• _Recorded information_
==========
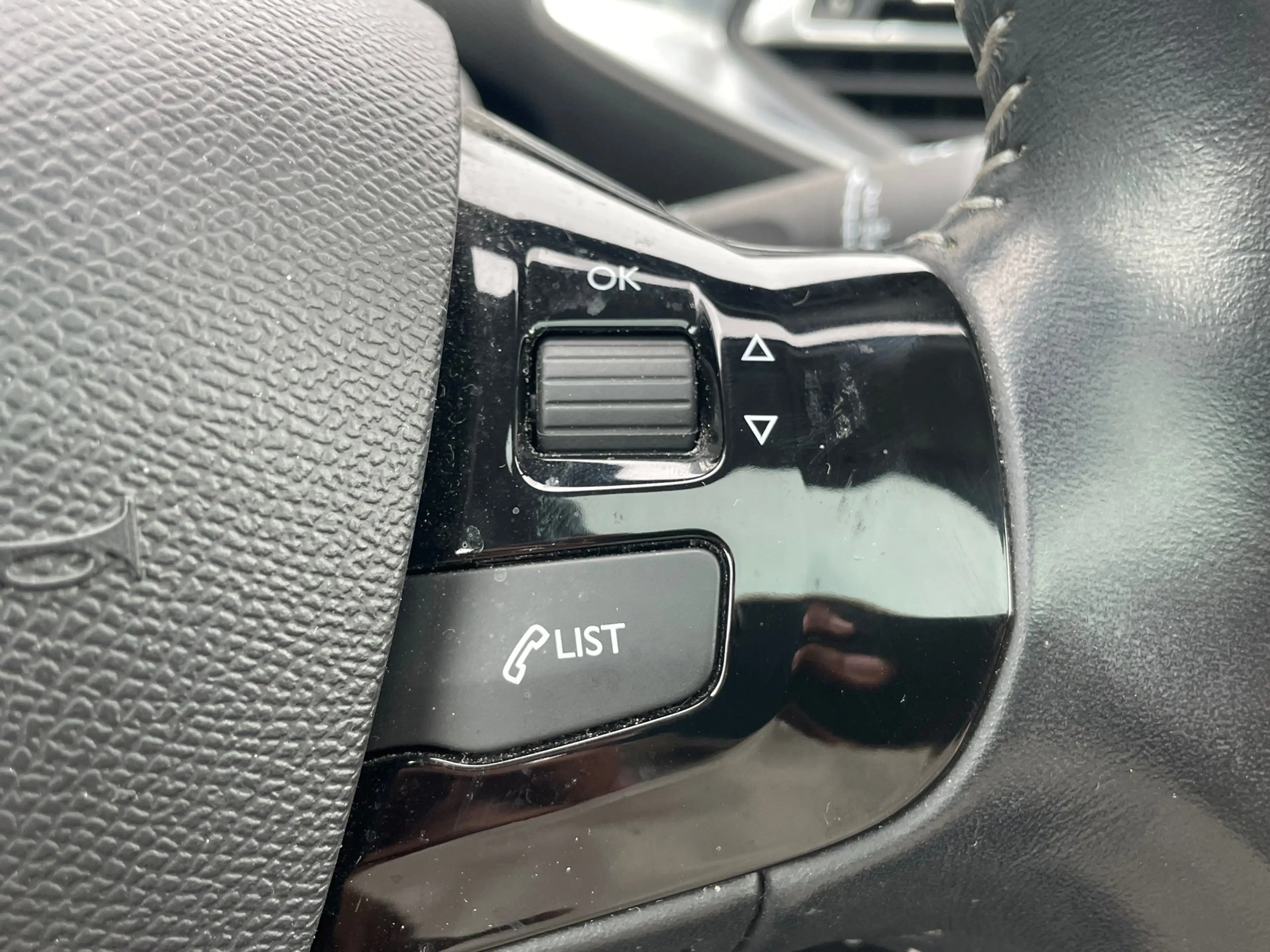 Peugeot 308 SW 1.2 PureTech Allure|Pano|Trekhaak|Navi|Cam|PDC| — photo 13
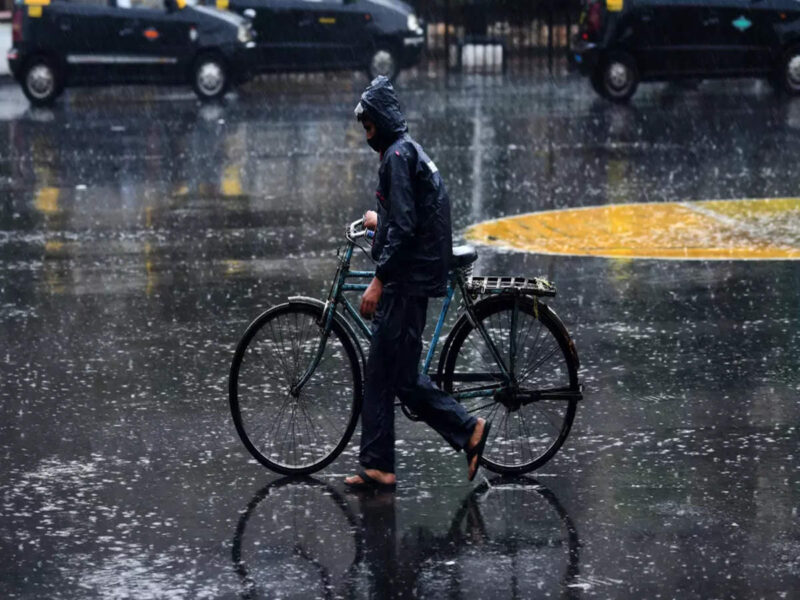 Hình ảnh mưa đêm với người đi xe đạp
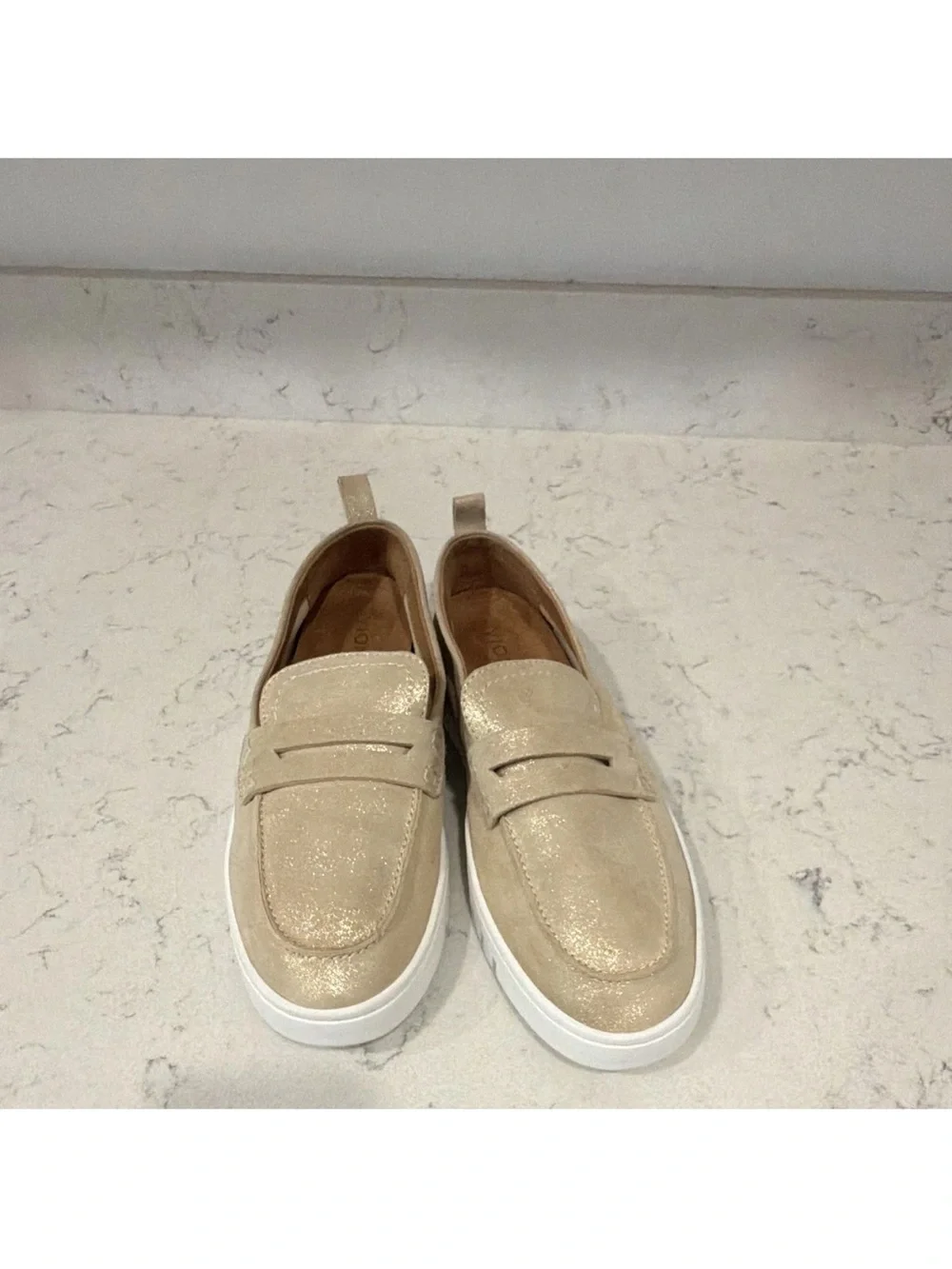 Vionic Gold Metallic Faux Leather Slip-On Loafer Flats Women's US 9.5 Round
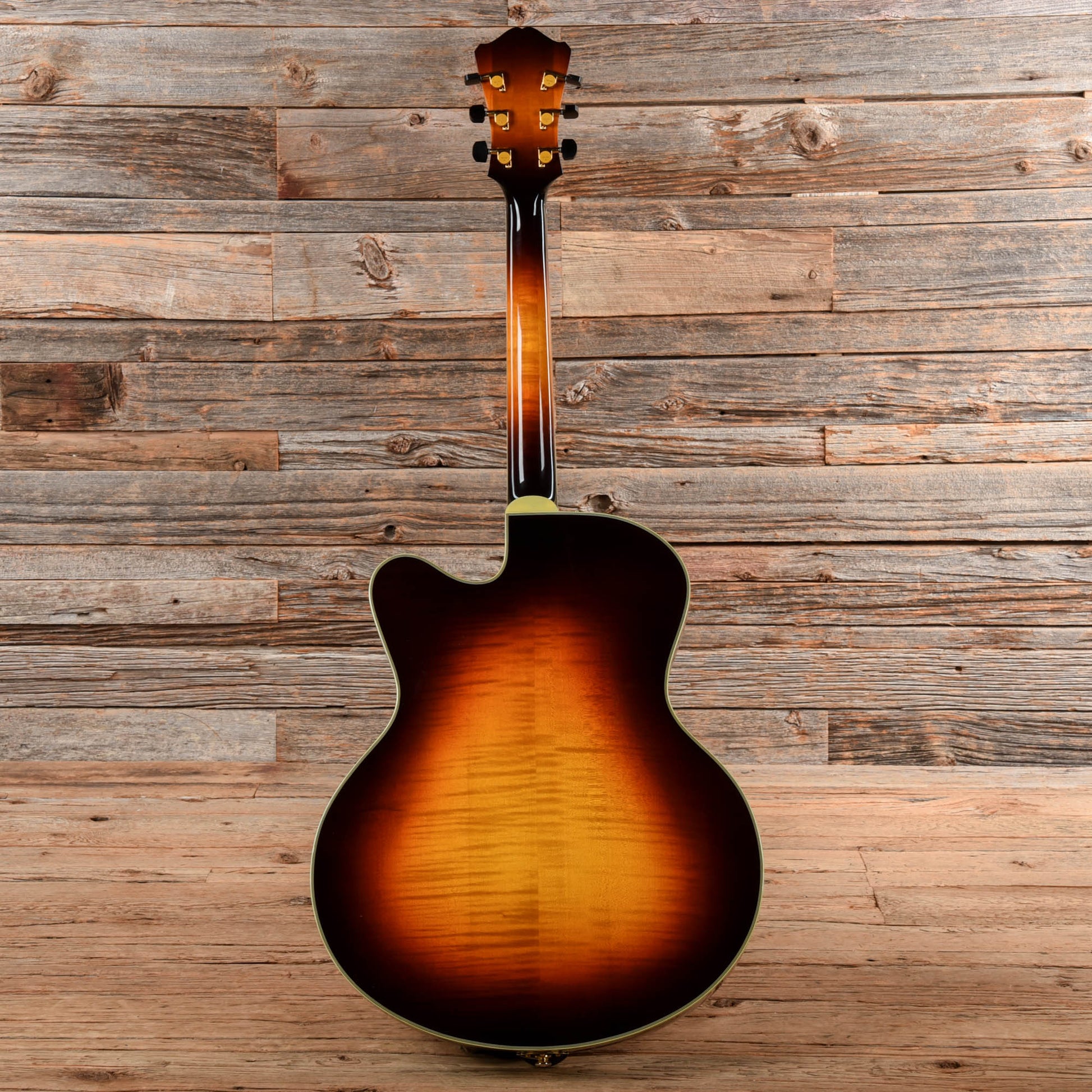 Eastman AR810CE Sunburst Electric Guitars / Hollow Body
==========
• _Goal of the exercise_
Restate the data above verbatim, skipping every image.

• _Final answer_
 Peugeot 308 SW 1.2 PureTech Allure|Pano|Trekhaak|Navi|Cam|PDC| — photo 13
 Hình ảnh mưa đêm với người đi xe đạp
 Vionic Gold Metallic Faux Leather Slip-On Loafer Flats Women's US 9.5 Round
 Eastman AR810CE Sunburst Electric Guitars / Hollow Body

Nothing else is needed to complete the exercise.